— INSTRUCTIONS TO FOLLOW —
Copy task, pictures excluded: set down exactly the lines from the one containing "DreamBid. Zdjęcie 6." to the end of the data below.

⁂

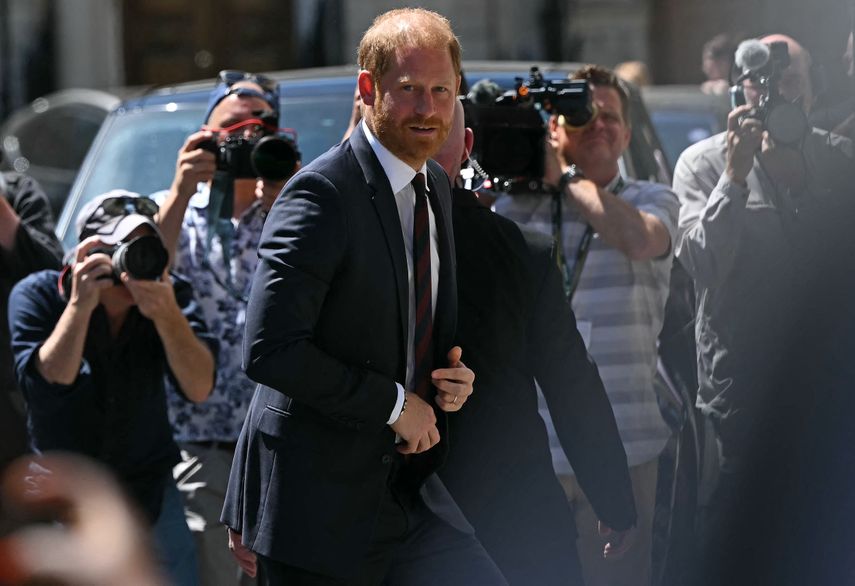 El rey Carlos III y su esposa Camila recibieron el viernes en Londres al príncipe Enrique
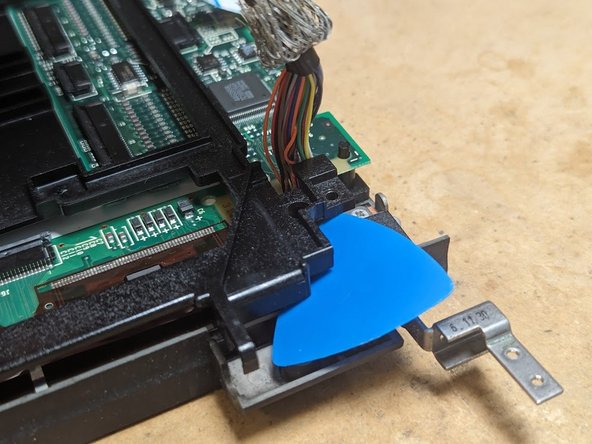 IBM Thinkpad 700C Disassembly, LCD Frame Stiffener: crwdns2935265:010crwdnd2935265:03crwdnd2935265:03crwdne2935265:0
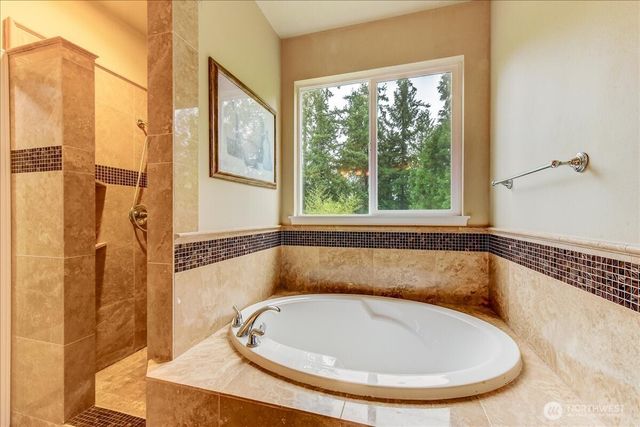 2462 172 Avenue NE, Redmond, WA 98052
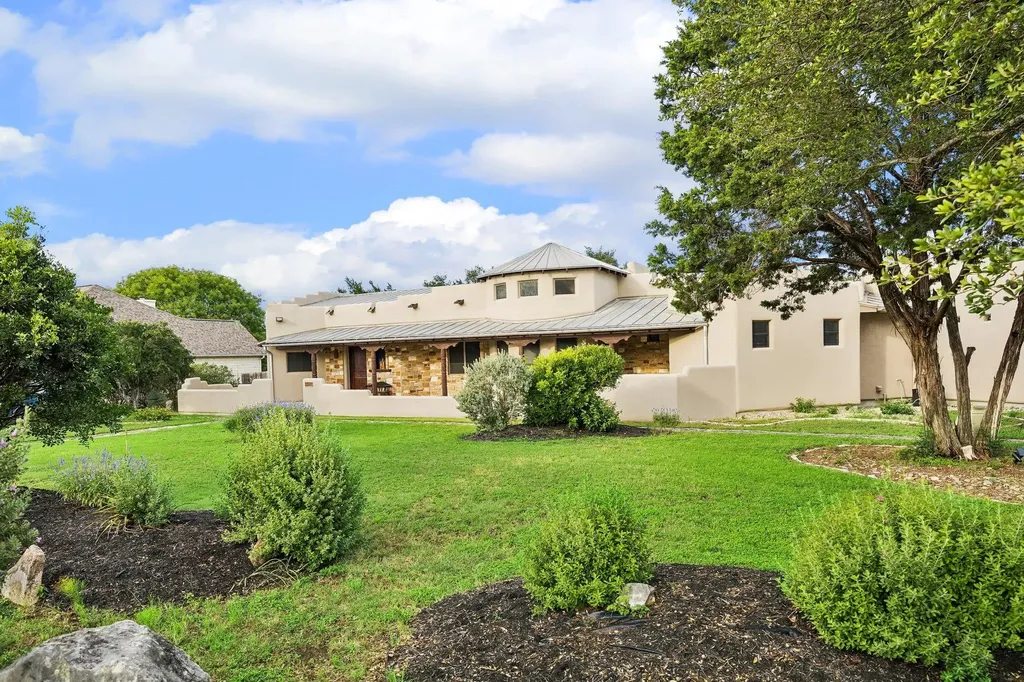 22227 Oban Drive Spicewood TX 78669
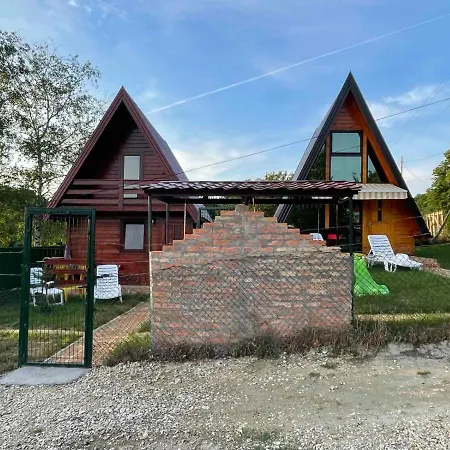 別荘 Brvnara Beli Kamen 2 *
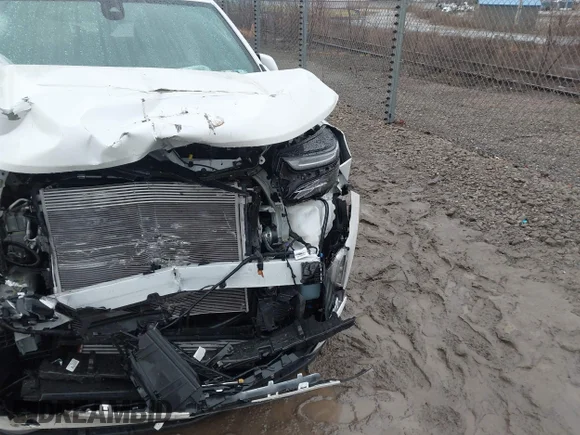 ✅ 2022 Chevrolet Equinox Premier • VIN: 3GNAXXEVXNS228575 • Lot: 44156282. Wystawiony na IAAI z przebiegiem 27 445 mil. Bezpłatny archiwum sprzedaży aukcyjnych z USA i szczegółowy raport historii pojazdu na DreamBid. Zdjęcie 6.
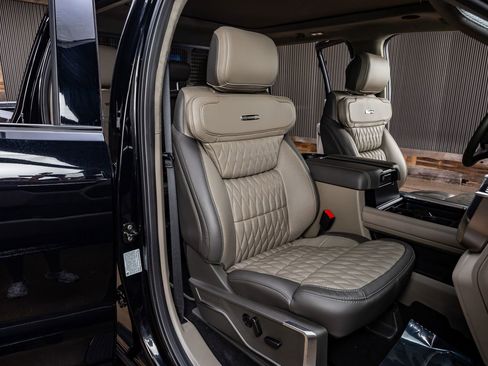 Used 2026 Ford F450 Platinum w/ Platinum Plus Package image 32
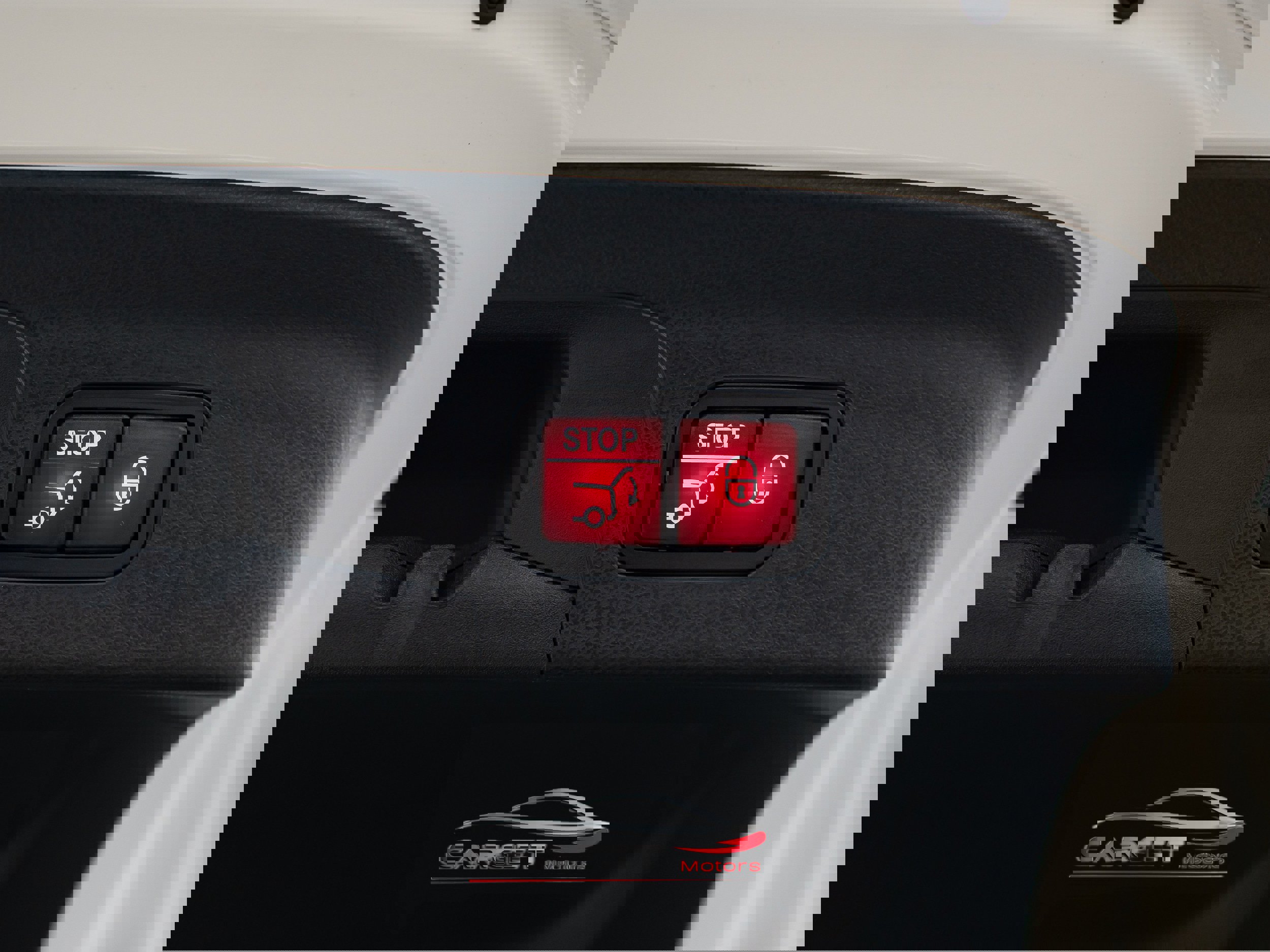 Used 2020 Mercedes-Benz GLC 300 4MATIC image 48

⁂

— YOUR RESPONSE —
 ✅ 2022 Chevrolet Equinox Premier • VIN: 3GNAXXEVXNS228575 • Lot: 44156282. Wystawiony na IAAI z przebiegiem 27 445 mil. Bezpłatny archiwum sprzedaży aukcyjnych z USA i szczegółowy raport historii pojazdu na DreamBid. Zdjęcie 6.
 Used 2026 Ford F450 Platinum w/ Platinum Plus Package image 32
 Used 2020 Mercedes-Benz GLC 300 4MATIC image 48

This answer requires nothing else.